I'm just writing to let some people know I'm not dead and what's going on. And if Robby could just tell me it's ok, and i don't have to waste my time, yea.
School's going great... 'cept for a teacher screwing up with grades so I have two F's on assignments, bringing my grade to a B, and I can't tolerate a B, because the school should be easy enough to pass with straight A's but everyone's too stupid and drunk on love, perversion, or drugs to pay attention and care about their future. My Science asked if I could tutor this sophomore, since the test results were evidence enough-- I had 110%, and the other was one point away from an F. She's nice and all, but me tutoring would be scary, because the only thing I might be able to tell her is to isolate herself from her distracting friends and pay attention in class.

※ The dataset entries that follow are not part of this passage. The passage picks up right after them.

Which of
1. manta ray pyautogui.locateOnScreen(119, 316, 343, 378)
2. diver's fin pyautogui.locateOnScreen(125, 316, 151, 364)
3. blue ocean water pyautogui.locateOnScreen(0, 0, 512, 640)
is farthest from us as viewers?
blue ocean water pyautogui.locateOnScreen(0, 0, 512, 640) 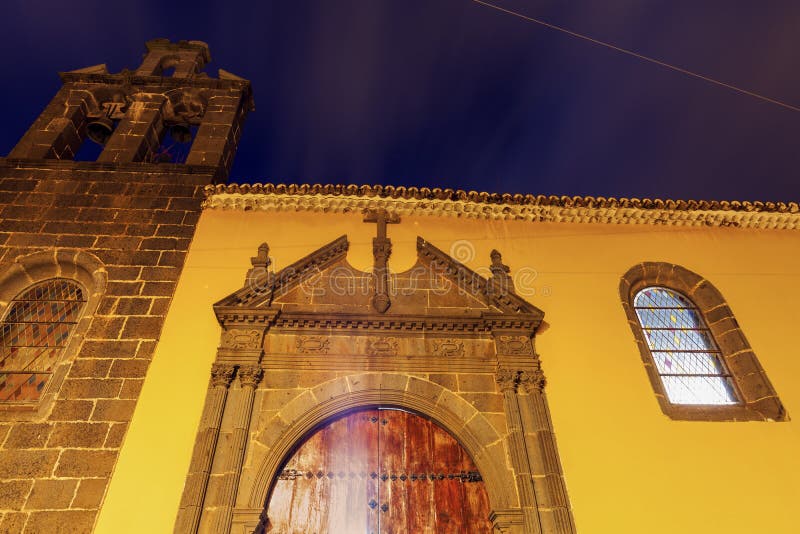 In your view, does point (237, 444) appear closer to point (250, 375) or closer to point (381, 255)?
point (250, 375)

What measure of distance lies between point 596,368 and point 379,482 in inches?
109

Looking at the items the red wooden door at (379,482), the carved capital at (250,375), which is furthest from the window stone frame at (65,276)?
the red wooden door at (379,482)

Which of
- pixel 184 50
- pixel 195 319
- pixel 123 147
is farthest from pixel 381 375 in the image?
pixel 184 50

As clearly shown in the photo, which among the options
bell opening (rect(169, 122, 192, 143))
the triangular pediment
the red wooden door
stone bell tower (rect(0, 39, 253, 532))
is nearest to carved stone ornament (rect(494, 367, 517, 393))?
the triangular pediment

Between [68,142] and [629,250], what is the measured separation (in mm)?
8854

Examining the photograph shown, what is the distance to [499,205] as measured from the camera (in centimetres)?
703

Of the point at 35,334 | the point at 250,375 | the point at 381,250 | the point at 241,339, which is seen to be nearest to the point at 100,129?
the point at 35,334

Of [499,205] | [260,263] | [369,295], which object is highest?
[499,205]

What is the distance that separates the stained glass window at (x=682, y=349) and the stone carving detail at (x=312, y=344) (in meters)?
4.02

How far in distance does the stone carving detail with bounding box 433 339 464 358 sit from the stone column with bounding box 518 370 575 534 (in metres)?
0.74

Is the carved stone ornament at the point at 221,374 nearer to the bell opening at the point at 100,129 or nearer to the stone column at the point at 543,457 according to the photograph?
the stone column at the point at 543,457

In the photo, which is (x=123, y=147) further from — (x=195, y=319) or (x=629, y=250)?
(x=629, y=250)

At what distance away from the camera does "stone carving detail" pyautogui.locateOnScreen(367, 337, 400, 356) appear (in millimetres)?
5484

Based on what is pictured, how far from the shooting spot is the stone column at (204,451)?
4324 mm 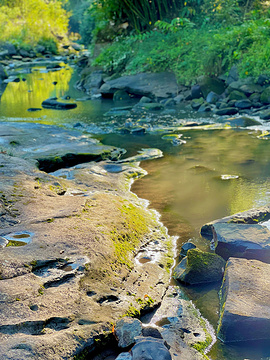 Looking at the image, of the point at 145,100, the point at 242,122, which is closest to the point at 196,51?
the point at 145,100

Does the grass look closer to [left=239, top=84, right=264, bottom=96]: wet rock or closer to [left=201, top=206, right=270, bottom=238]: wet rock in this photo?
[left=239, top=84, right=264, bottom=96]: wet rock

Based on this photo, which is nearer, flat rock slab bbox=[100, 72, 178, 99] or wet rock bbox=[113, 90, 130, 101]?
flat rock slab bbox=[100, 72, 178, 99]

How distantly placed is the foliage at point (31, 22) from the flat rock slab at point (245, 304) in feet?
115

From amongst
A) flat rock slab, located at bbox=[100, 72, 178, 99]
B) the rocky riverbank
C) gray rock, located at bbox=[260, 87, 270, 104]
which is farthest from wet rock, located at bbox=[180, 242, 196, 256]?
flat rock slab, located at bbox=[100, 72, 178, 99]

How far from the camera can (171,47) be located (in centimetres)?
1443

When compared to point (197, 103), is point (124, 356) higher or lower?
higher

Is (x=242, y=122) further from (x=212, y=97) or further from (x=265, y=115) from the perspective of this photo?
(x=212, y=97)

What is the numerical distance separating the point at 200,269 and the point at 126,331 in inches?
41.8

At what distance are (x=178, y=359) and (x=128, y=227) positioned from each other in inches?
65.0

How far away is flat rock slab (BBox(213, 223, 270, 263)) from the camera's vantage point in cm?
342

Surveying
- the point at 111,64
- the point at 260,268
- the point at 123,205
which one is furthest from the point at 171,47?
the point at 260,268

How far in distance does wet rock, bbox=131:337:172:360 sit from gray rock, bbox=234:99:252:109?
8.94 metres

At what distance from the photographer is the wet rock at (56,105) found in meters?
12.1

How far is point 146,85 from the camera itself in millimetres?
13211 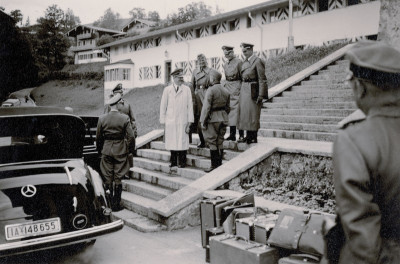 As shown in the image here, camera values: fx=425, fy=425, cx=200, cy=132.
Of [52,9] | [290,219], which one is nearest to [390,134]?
[290,219]

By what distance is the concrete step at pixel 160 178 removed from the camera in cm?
820

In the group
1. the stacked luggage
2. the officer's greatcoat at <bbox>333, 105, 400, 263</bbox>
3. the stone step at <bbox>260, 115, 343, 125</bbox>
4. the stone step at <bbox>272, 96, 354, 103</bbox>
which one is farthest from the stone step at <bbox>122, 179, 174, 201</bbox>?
the officer's greatcoat at <bbox>333, 105, 400, 263</bbox>

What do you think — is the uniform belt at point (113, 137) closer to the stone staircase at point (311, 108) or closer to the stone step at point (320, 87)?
the stone staircase at point (311, 108)

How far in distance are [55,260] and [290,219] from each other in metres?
3.17

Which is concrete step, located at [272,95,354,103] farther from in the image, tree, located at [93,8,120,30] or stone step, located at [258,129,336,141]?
tree, located at [93,8,120,30]

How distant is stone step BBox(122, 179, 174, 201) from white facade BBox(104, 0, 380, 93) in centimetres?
1696

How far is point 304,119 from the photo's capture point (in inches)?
422

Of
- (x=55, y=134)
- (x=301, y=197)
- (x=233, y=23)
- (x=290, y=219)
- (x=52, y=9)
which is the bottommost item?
(x=301, y=197)

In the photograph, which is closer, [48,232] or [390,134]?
[390,134]

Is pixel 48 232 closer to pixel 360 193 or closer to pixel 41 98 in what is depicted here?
pixel 360 193

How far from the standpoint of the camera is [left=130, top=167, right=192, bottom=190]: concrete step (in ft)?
26.9

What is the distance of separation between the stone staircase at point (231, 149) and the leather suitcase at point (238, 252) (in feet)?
6.86

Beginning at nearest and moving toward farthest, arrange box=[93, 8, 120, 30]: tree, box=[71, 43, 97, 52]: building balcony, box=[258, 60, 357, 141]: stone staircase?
box=[258, 60, 357, 141]: stone staircase → box=[71, 43, 97, 52]: building balcony → box=[93, 8, 120, 30]: tree

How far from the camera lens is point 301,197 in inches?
259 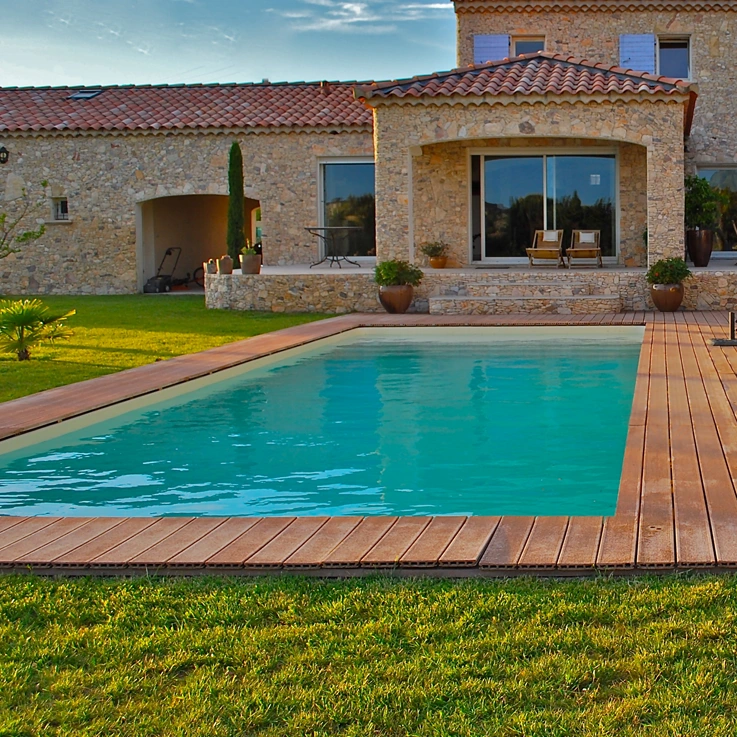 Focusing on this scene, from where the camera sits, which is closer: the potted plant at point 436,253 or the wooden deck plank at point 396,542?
the wooden deck plank at point 396,542

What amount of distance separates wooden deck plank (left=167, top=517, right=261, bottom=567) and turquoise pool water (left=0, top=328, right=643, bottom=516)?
108 centimetres

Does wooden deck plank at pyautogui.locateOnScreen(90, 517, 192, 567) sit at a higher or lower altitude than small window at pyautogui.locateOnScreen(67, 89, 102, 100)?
lower

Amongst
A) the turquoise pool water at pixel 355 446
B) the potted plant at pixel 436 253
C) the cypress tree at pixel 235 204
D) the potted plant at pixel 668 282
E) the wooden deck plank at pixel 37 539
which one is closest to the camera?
the wooden deck plank at pixel 37 539

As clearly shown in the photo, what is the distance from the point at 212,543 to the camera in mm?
4523

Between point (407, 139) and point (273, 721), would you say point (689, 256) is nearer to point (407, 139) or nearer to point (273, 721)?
point (407, 139)

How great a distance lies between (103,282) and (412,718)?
70.1ft

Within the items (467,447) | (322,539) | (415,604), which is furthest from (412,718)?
(467,447)

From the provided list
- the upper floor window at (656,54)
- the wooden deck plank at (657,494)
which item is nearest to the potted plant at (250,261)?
the upper floor window at (656,54)

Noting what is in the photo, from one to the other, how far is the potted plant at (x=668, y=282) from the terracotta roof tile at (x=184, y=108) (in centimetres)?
812

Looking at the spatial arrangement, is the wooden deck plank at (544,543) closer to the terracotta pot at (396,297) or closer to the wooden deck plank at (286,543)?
the wooden deck plank at (286,543)

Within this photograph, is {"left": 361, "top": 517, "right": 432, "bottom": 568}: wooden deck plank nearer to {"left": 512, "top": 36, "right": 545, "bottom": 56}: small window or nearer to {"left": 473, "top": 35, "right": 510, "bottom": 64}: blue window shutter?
{"left": 473, "top": 35, "right": 510, "bottom": 64}: blue window shutter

Dunno how confused I am. I'm cold-herated, then I'm sympathetic. If I reread all I typed now, I might change it all so that it sounds like I'm overly happy and I don't feel depressed at all. Well, sometimes the happy ones aren't always happy. Life bites ya in the ass. | | |
| What an unbelievable break for me! Ya know, I don't like the Thanksgiving holiday, because I think it has no greater purpose than to eat lots, but it was shocking to me that I lived through the day only to eat a poptart, bread, and carrot sticks. Oh, and I love water, love to water, y'all!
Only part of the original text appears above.